State Bar of Texas Blog
Attorneys: Be extra-vigilant for scams targeting lawyers
Update (4/25/2012): Today we received a report from a firm in Houston regarding a scam that has apparently targeted at least six law firms. Please see the comment from Ted Tredennick, below, for more information.
Update (11/15/2011): We have received reports of persons impersonating law firms in the Houston and Dallas areas. These persons are purporting to be from the law firms and are aggressively demanding payment on debts. If you encounter this situation or tactic please contact the White Collar Crime and Public Integrity Section of the Texas Attorney General's Office.
Update (9/6/2011): We received a report from a non-lawyer in Illinois who received a call from Michael Jones at (512)651-3635 who purported to be an investigator with the State Bar of Texas. He had the person's social security number and told her she had defaulted on an online loan, had to be in court the next day, and would be arrested if she did not pay $250.
Update (7/27/2011): At least two local bar associations report that scam artists are calling members and asking for dues payments. We have received reports from the Tarrant and Lubbock County bars.
The callers say they are "from the bar association" and that the attorney's bar card is expiring or that membership dues must be paid immediately. According to one report, the caller promised a free section membership with dues renewal.
These are not legitimate calls from any bar association. Do not provide credit card information if you are called and asked for a dues payment.
Texas attorneys should be extra-vigilant regarding potential scams involving fraudulent checks or wire transfers. These scams are increasing in sophistication, sometimes involving innocent third parties who seek legal services at the request of a scam artist.
The bottom line is this: Never issue a check from a trust account until deposited funds have been collected.

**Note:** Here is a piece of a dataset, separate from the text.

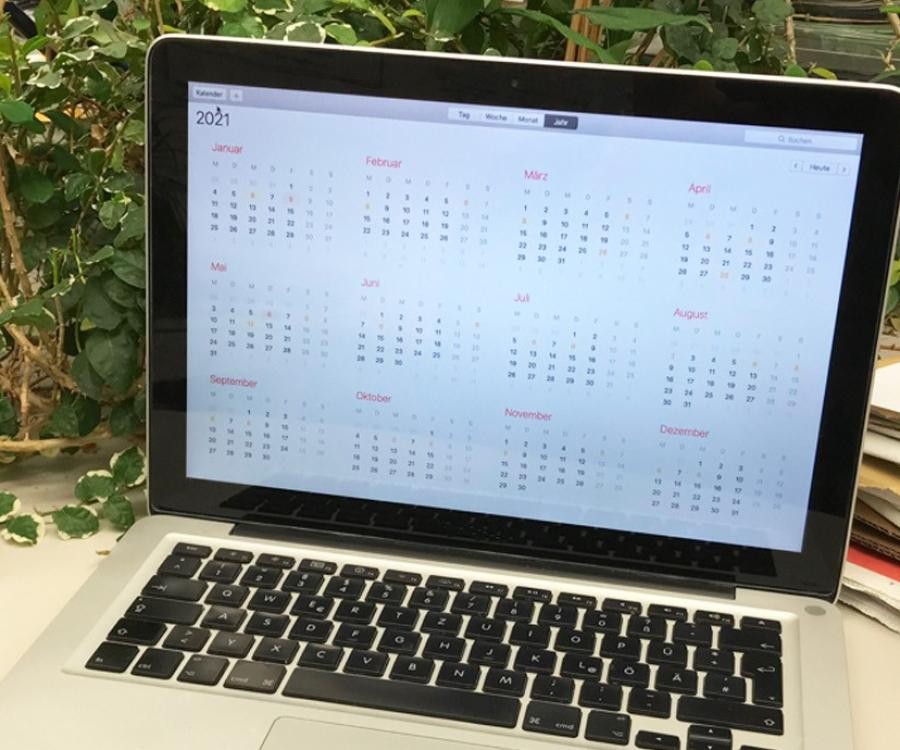 Laptop mit Planungsansicht auf Tisch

Recent scam scenarios include:
- unsolicited email requests for legal help collecting money or judgments, sometimes apparently coming from actual professionals whose identities have been stolen
- a real estate transaction for an overseas client (whose identity was stolen by a scam artist) involving an innocent third-party realtor
- impersonation of law firms by scam artists who issue bogus checks and attempt to charge a fee for the checks to clear
- a bogus check received by a law firm, purportedly for payment regarding representation of an inmate
- impersonation of a lawyer and law firm by a scammer "collecting debts" under the attorney's name
Again, be vigilant and do not disburse funds from your accounts until underlying funds have cleared your bank (and not simply been made “available”).
Cases involving bank fraud are investigated by the Secret Service. If you are targeted, contact an office in your area. Internet fraud should be reported to the Internet Crime Complaint Center.